Despite these advances, applying reinforcement learning to real-world robotic problems remains challenging, particularly in achieving generalization—the ability to transfer learned behaviors from training environments to unseen, semantically equivalent environments. Real-world environments are inherently unpredictable, posing a significant challenge for reinforcement learning models that are often optimized for static, well-defined environments. For instance, a robot trained with reinforcement learning to navigate a specific indoor environment may perform well in training, but struggle in new settings with different layouts or goals. This difficulty in adapting to changes highlights the fragility of current reinforcement learning approaches as a result of overfitting to training conditions leading to poor performances in novel situations.7,8
Traditional reinforcement learning benchmarks such as MuJoCo 9 or the Arcade Learning Environment 10 evaluate agents in controlled and repeatable settings. While useful for assessing specific agent capabilities, these benchmarks fail to capture the complexity and variability of dynamic real-world environments. To this end, more recent benchmarks, such as those presented in Nichol et al., 11 which introduce a train–test split reveal that standard deep reinforcement learning methods perform poorly under varied conditions. This discrepancy in performance between tightly controlled experiments and practical deployment further underscores the need for reinforcement learning models that are robust and can generalize effectively across diverse conditions.
To address this challenge, studies have explored various strategies to improve the generalizability of reinforcement learning in robotics.

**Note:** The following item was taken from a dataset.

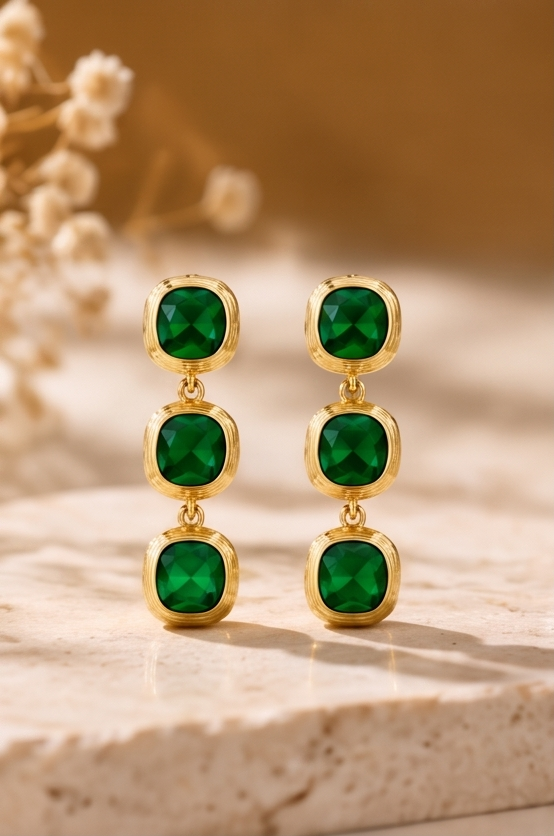 Green Drop Earring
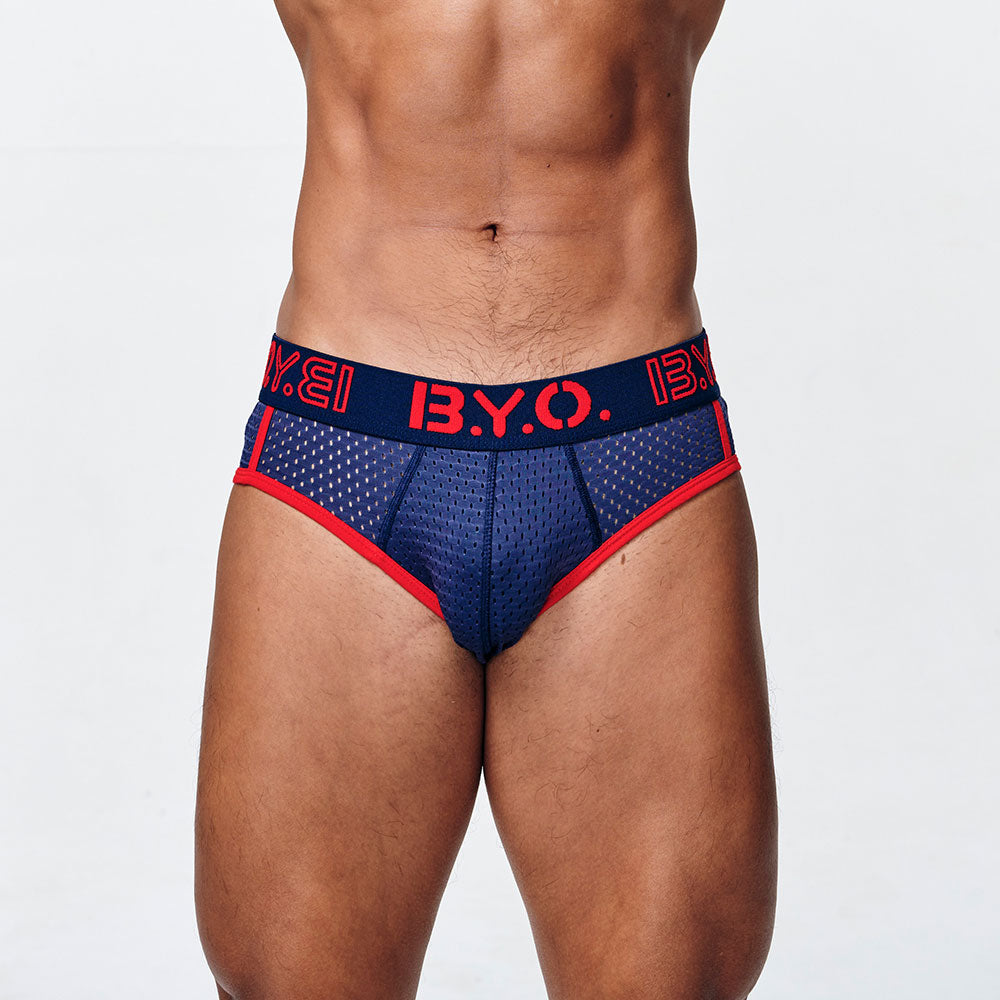 Mesh Breathable Briefs Dark Blue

Techniques such as data augmentation12–14 and domain randomization15,16 introduce variability during training, helping to develop more robust models. Regularization and dropout17,18 were also applied to neural models to reduce overfitting to training environments. In parallel, procedurally generated environments7,19 offer a means to create diverse training conditions, alleviating concerns with overfitting. These environments continuously generate new and varied scenarios, guiding the agent to learn more adaptable policies. However, these existing methods largely fail to leverage the temporal dependency between sequential decisions when considering generalization for reinforcement learning—a characteristic that is unique to reinforcement learning.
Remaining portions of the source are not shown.